Neon Giant, an independent developer made of only eleven people, made their debut in the gaming industry with cyberpunk action RPG The Ascent. The things you’ll see here will boggle the mind considering how small the team is. This is a fact I kept thinking about while working on the review.
So what exactly is The Ascent? Is it a breakneck cyberpunk action game like Ruiner or Ghostrunner? Is it a grindy, dungeon crawling, loot-focused RPG? It’s like a combination of those things, but if I really had to bottle the essence of The Ascent, I’d say it’s the neon-drenched offspring of Diablo, Ruiner, and Blade Runner.
The Ascent
Developer: Neon Giant
Publisher: Curve Digital
Platforms: Windows PC, Xbox One, Xbox Series X|S (Reviewed)
Release Date: July 29, 2021
Players: 1-4
Price: $29.99 USD
From the very beginnings of your indentured servitude within The Ascent, it’s absolutely dripping with cyberpunk aesthetics and atmosphere. Presented from a top-down perspective, it’s easy to think you’ll lose details in this meticulously built world.

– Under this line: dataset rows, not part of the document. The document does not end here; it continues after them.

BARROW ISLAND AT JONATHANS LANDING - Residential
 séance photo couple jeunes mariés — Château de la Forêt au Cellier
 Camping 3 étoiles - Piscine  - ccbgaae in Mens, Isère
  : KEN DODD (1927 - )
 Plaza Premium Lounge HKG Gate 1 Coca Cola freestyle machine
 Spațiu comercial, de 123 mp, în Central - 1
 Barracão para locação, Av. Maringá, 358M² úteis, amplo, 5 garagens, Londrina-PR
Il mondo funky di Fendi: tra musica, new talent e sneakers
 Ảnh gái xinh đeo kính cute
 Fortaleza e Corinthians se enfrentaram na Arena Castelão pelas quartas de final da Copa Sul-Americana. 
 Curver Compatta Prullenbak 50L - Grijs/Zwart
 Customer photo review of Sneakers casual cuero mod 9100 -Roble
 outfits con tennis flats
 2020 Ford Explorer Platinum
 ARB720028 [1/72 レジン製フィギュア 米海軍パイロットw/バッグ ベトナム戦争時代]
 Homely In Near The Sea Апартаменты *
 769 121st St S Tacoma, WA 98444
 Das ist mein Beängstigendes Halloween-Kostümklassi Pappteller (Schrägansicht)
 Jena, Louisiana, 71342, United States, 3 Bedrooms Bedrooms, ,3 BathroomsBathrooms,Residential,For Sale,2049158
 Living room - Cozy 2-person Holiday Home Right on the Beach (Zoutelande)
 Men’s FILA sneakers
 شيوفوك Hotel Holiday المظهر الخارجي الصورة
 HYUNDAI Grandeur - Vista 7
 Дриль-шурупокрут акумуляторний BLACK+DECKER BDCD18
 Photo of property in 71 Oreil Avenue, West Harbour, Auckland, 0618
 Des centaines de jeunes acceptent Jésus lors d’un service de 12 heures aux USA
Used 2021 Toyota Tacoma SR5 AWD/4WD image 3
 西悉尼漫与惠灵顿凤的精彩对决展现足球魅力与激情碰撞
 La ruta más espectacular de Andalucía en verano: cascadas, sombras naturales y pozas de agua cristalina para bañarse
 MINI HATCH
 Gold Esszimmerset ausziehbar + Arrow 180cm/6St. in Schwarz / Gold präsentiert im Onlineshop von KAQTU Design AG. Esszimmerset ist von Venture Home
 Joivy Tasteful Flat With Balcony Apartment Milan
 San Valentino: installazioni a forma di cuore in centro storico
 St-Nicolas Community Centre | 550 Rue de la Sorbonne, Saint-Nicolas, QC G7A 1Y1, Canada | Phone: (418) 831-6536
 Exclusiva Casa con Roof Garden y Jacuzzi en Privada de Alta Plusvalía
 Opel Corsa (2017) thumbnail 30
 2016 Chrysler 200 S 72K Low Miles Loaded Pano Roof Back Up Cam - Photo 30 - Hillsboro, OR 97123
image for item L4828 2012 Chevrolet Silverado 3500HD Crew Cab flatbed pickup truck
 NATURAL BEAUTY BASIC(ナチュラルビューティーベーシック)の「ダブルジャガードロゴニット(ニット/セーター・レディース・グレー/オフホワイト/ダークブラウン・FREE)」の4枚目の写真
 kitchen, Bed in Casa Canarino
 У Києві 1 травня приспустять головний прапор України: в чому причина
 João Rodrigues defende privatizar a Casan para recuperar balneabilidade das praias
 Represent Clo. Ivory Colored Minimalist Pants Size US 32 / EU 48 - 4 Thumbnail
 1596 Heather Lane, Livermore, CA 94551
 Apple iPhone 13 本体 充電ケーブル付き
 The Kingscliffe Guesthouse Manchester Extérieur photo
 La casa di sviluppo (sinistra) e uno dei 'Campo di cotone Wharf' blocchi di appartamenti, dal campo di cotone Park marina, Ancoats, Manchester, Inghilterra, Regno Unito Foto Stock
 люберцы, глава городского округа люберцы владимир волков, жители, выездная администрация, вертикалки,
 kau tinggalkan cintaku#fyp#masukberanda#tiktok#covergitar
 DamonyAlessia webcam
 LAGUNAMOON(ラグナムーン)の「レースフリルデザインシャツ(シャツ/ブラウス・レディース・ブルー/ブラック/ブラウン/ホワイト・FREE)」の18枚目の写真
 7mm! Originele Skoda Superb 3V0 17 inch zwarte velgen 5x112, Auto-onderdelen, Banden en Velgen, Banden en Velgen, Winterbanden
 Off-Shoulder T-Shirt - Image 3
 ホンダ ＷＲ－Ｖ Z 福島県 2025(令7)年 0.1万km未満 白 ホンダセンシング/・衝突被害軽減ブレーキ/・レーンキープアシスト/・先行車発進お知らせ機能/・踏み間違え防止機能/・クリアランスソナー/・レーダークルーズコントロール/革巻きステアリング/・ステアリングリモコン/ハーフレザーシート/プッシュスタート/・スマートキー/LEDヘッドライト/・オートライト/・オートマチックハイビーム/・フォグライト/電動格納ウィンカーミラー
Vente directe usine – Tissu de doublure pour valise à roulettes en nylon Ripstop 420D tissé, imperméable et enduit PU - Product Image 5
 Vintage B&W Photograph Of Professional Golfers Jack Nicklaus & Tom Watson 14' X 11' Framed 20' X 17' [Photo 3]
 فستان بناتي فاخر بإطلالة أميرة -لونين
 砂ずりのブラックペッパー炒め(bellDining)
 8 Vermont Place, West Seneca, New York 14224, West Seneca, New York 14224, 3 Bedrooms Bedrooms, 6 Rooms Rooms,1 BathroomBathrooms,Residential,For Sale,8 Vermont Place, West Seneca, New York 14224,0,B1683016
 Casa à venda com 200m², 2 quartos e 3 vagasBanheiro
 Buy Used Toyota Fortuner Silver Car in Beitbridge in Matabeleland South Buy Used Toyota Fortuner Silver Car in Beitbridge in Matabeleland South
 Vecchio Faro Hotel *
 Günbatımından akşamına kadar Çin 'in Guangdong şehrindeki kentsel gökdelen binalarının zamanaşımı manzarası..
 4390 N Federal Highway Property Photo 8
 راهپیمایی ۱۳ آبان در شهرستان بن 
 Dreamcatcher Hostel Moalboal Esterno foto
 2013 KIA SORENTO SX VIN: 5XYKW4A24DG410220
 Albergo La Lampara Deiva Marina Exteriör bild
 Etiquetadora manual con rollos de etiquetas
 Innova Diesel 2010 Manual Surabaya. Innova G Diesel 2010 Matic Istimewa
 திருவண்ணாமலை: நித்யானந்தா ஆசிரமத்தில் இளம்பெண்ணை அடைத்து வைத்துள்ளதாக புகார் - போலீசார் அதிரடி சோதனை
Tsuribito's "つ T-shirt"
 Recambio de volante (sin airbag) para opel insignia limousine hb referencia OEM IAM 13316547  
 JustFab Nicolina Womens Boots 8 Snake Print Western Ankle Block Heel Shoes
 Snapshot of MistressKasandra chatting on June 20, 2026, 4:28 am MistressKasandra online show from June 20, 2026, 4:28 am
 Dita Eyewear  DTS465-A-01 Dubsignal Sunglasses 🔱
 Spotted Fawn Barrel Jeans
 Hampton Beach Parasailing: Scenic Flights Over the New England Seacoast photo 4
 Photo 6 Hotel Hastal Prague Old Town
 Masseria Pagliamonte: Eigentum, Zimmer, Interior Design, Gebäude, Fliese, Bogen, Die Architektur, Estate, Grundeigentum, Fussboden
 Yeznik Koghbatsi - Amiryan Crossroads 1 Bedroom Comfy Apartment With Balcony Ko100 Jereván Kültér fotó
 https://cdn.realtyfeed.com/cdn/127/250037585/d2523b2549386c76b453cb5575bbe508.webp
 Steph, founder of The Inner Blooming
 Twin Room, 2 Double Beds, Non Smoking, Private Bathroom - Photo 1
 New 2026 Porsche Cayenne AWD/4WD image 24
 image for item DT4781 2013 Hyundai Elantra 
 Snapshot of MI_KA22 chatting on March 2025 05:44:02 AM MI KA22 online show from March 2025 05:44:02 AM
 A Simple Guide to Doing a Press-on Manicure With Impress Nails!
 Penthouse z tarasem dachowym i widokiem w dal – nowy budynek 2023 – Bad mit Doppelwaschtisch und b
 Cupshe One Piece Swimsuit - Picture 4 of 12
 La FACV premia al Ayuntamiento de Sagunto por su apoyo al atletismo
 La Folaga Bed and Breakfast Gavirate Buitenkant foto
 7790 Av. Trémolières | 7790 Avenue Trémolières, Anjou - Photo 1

Thankfully, this isn’t the case. If you’re anything like me, you’ll be overwhelmed with the insane details and gorgeous visuals. The level of detail in The Ascent is truly something else.
The entire overworld has been hand-crafted, methodically set up as a living and breathing cyberpunk realm. The main town of Cluster 13 is where you make your start, and right from the get-go you’re thrust into a dark, wet, dreary, cyberpunk dystopia; and it looks absolutely stunning.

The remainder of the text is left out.